• **Captioned web image data**
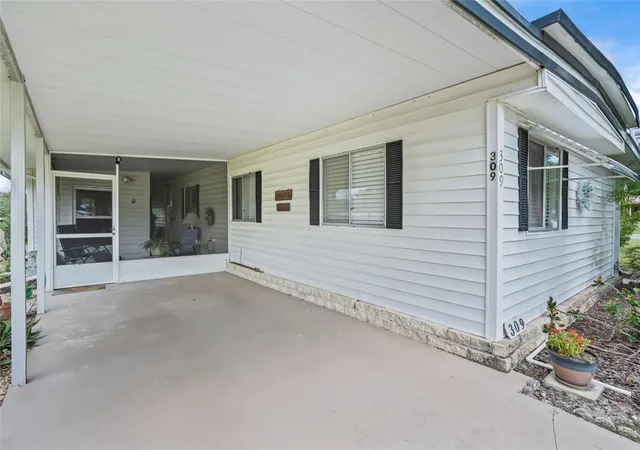 Photo 1 of Manufactured home for sale at 309 Sheerwood Dr, Lady Lake, FL 32159 | MLS# OM733143 | Listing updated on 2026-09-30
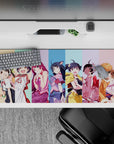 Pastel stripe anime girl desk pad 36x16 inches, soft cel shading, playful cozy mischievous vibe.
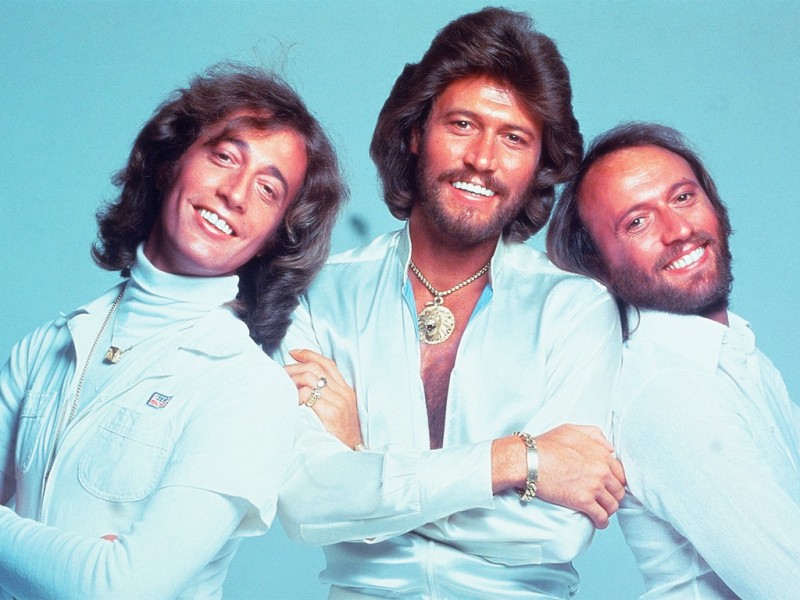 Bee gees more than a woman. Би джиз фото группы. Bee Gees арт. Bee Gees Stayin Alive Мадагаскар.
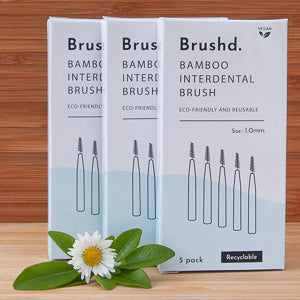 Bamboo Interdental Brush by Brushd, eco-friendly dental care, 0.6mm size, sustainable bamboo packaging.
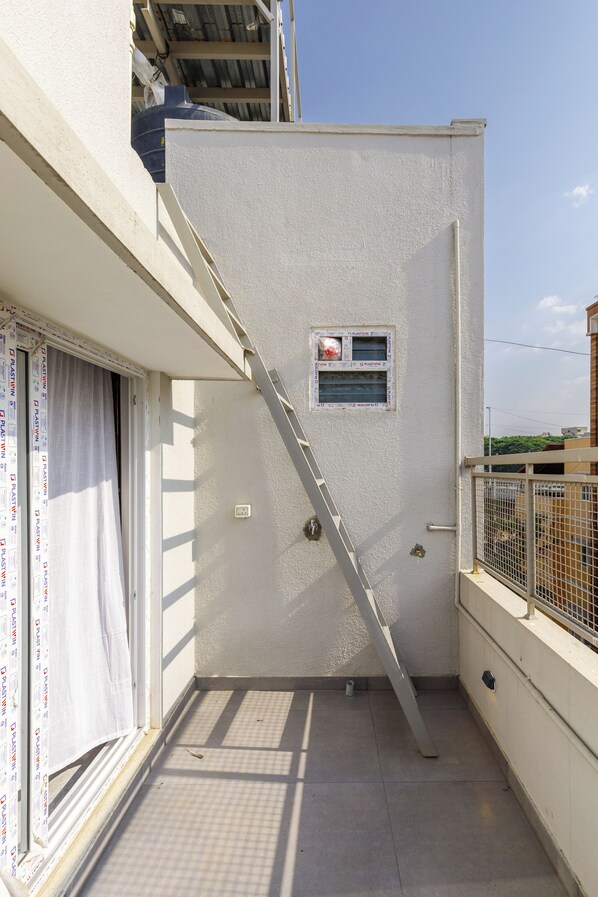Un pequeño balcón con una escalera metálica, una ventana con vista al cielo y una puerta blanca.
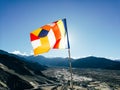 One single Buddhist prayer flag in six colors fluttering in mountain region against the sunlight Royalty Free Stock Photo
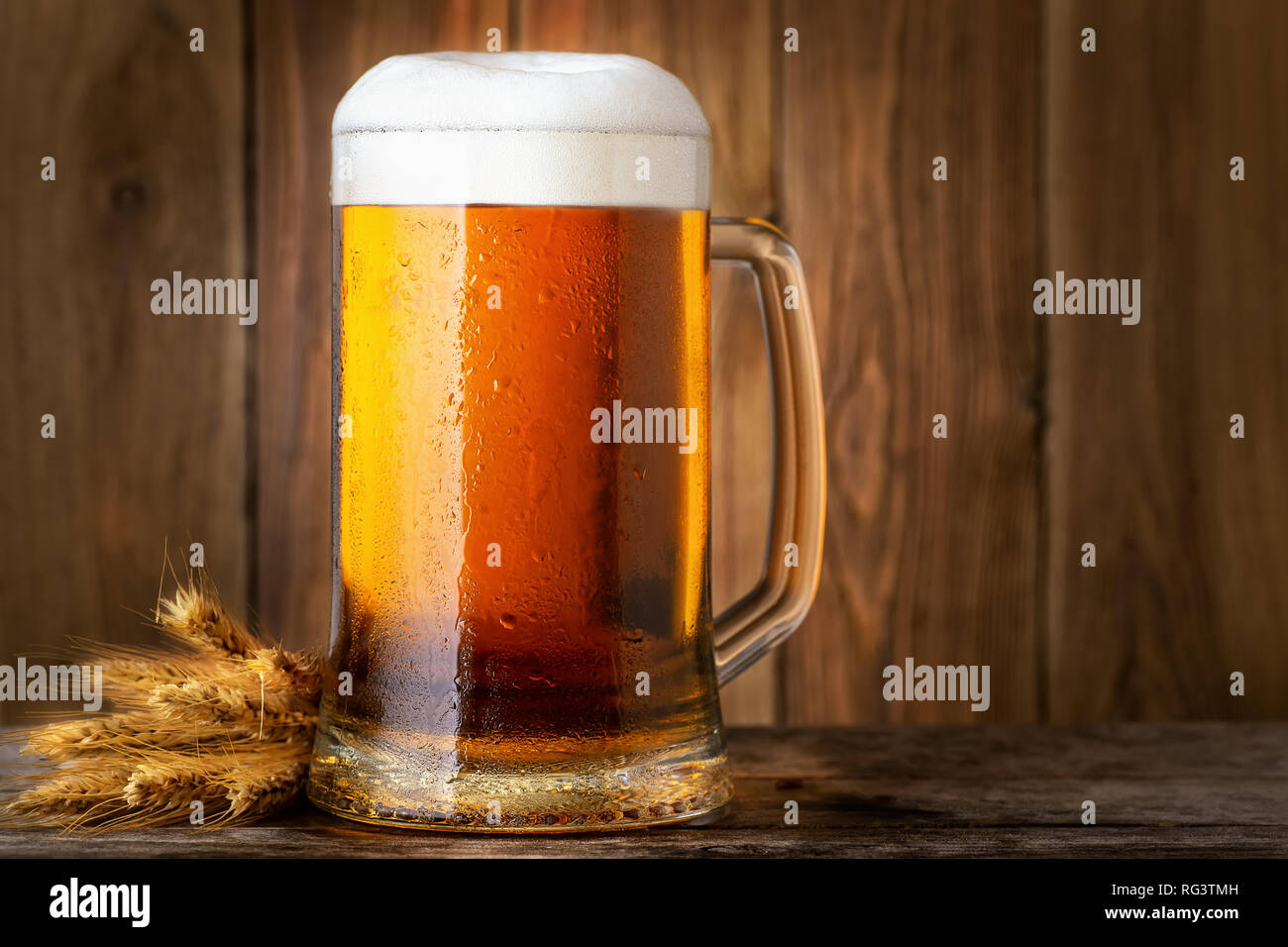 Chope de bière légère froide avec les épis de blé sur table en bois Banque D'Images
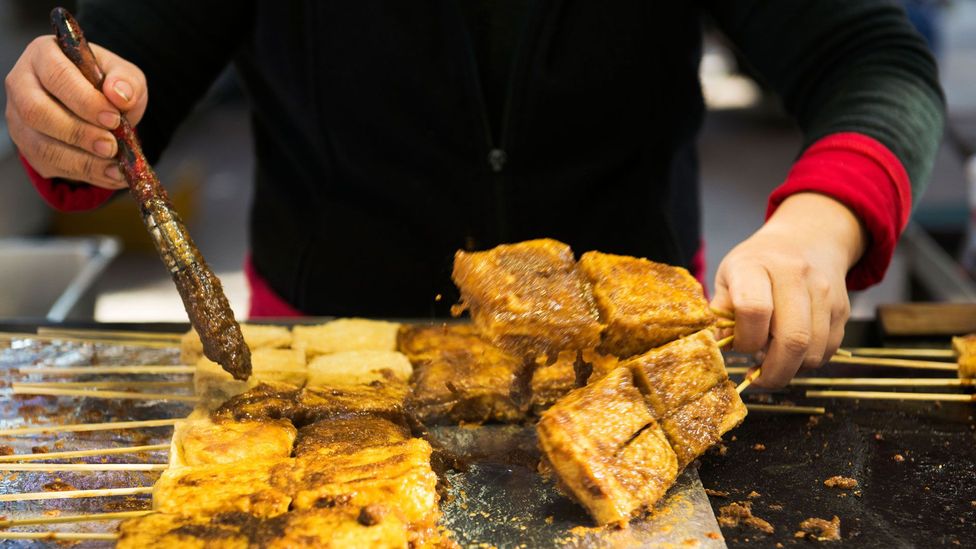 Stinky tofu is a popular option for ‘xiaoye’, or the midnight snack, in Taiwan (Credit: Boaz Rottem/Alamy)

• **WORK TASK**
Every line from the one holding "Bamboo Interdental Brush" through the final line of the data above is to be reproduced exactly, both ends included, with the pictures left out.

• **ANSWER TO THE PROBLEM**
 Bamboo Interdental Brush by Brushd, eco-friendly dental care, 0.6mm size, sustainable bamboo packaging.
Un pequeño balcón con una escalera metálica, una ventana con vista al cielo y una puerta blanca.
 One single Buddhist prayer flag in six colors fluttering in mountain region against the sunlight Royalty Free Stock Photo
 Chope de bière légère froide avec les épis de blé sur table en bois Banque D'Images
 Stinky tofu is a popular option for ‘xiaoye’, or the midnight snack, in Taiwan (Credit: Boaz Rottem/Alamy)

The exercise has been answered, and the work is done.